▶ _Work order_
Using only the entries below, copy exactly the lines that begin at the one with "SherriMartinez Play with me Pic 6" and end at the one with "aabou zane aagourane", both included. Drop the pictures.

Exercise data: Begin

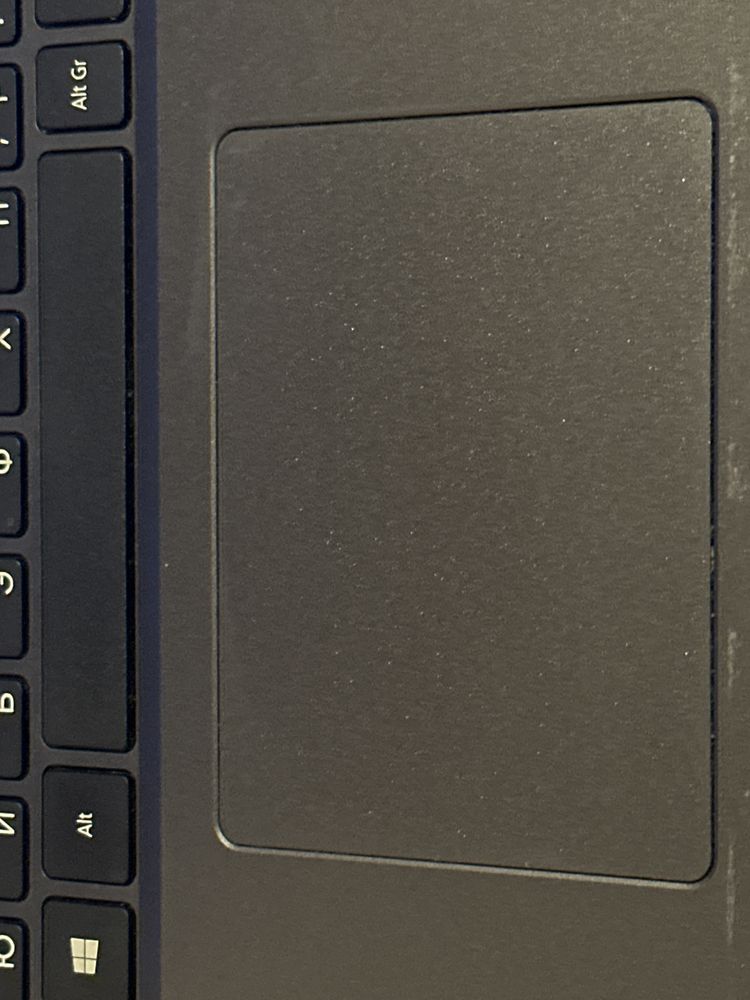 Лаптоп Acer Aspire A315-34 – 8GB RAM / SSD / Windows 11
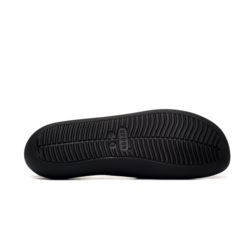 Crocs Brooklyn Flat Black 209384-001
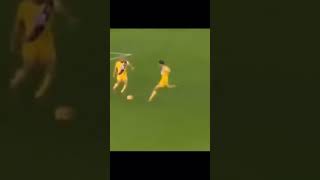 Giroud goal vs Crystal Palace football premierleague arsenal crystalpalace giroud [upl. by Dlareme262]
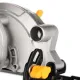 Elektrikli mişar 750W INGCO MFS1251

Exercise data: End
Exercise data: Begin

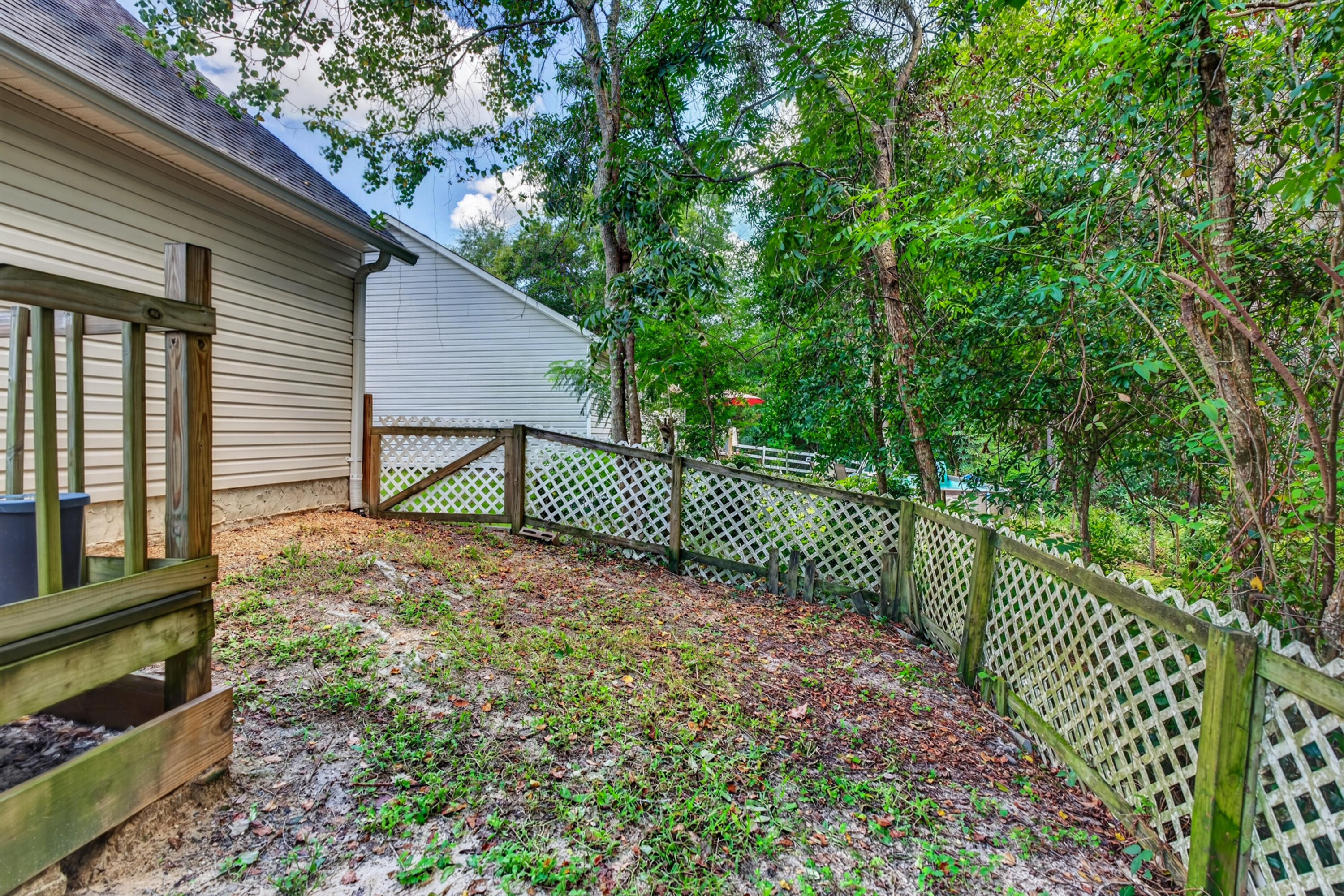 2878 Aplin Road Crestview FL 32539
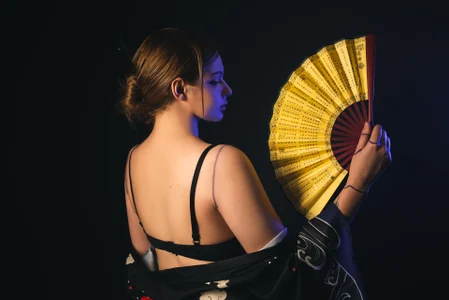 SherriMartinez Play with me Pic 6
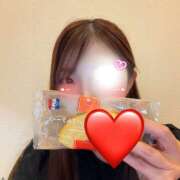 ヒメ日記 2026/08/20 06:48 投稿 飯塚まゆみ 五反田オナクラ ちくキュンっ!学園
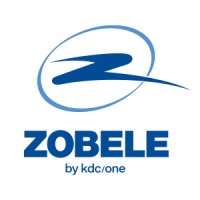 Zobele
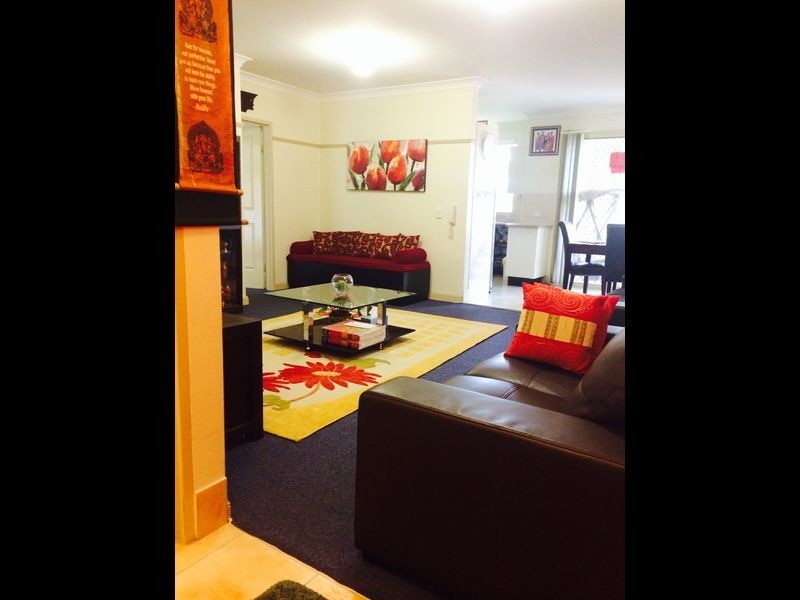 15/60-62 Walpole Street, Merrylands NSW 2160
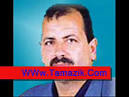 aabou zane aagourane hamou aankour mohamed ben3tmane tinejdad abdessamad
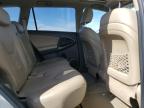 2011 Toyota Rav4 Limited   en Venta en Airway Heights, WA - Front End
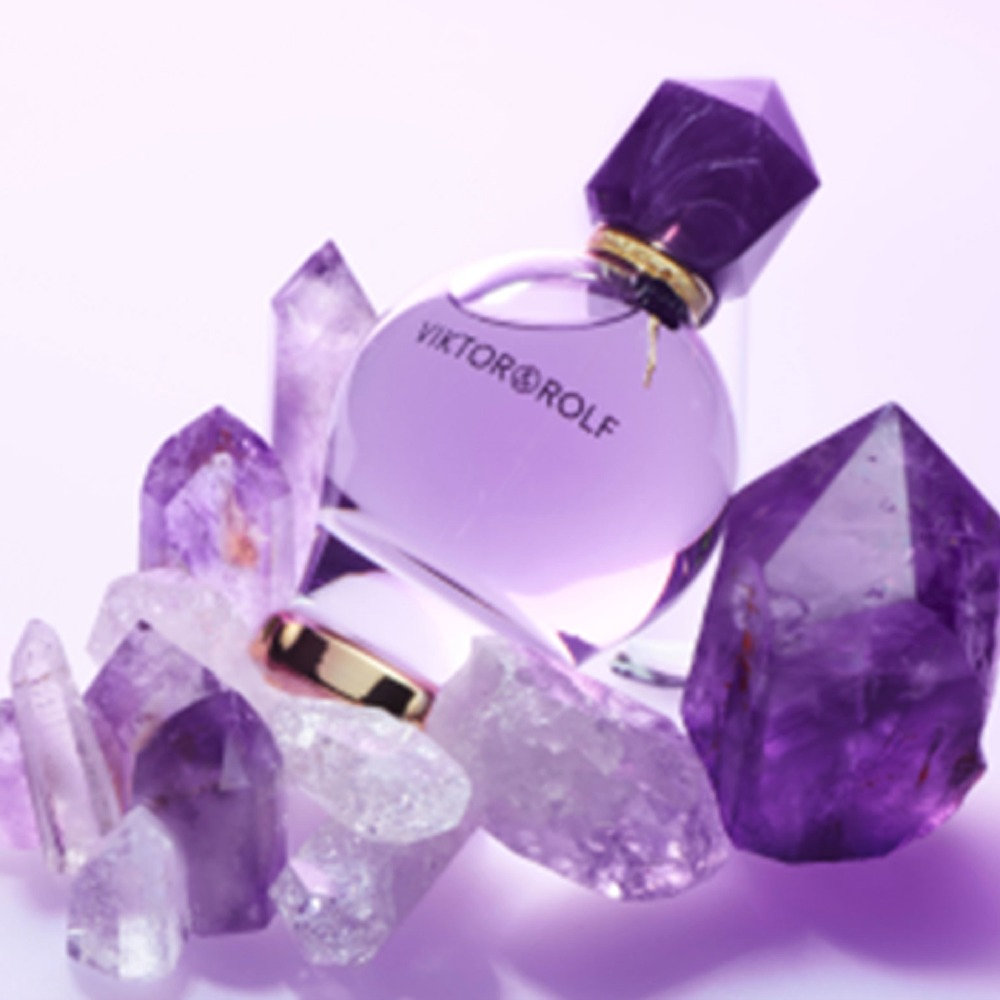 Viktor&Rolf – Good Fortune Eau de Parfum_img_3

Exercise data: End

▶ _Reply to the exercise_
 SherriMartinez Play with me Pic 6
 ヒメ日記 2026/08/20 06:48 投稿 飯塚まゆみ 五反田オナクラ ちくキュンっ!学園
 Zobele
 15/60-62 Walpole Street, Merrylands NSW 2160
 aabou zane aagourane hamou aankour mohamed ben3tmane tinejdad abdessamad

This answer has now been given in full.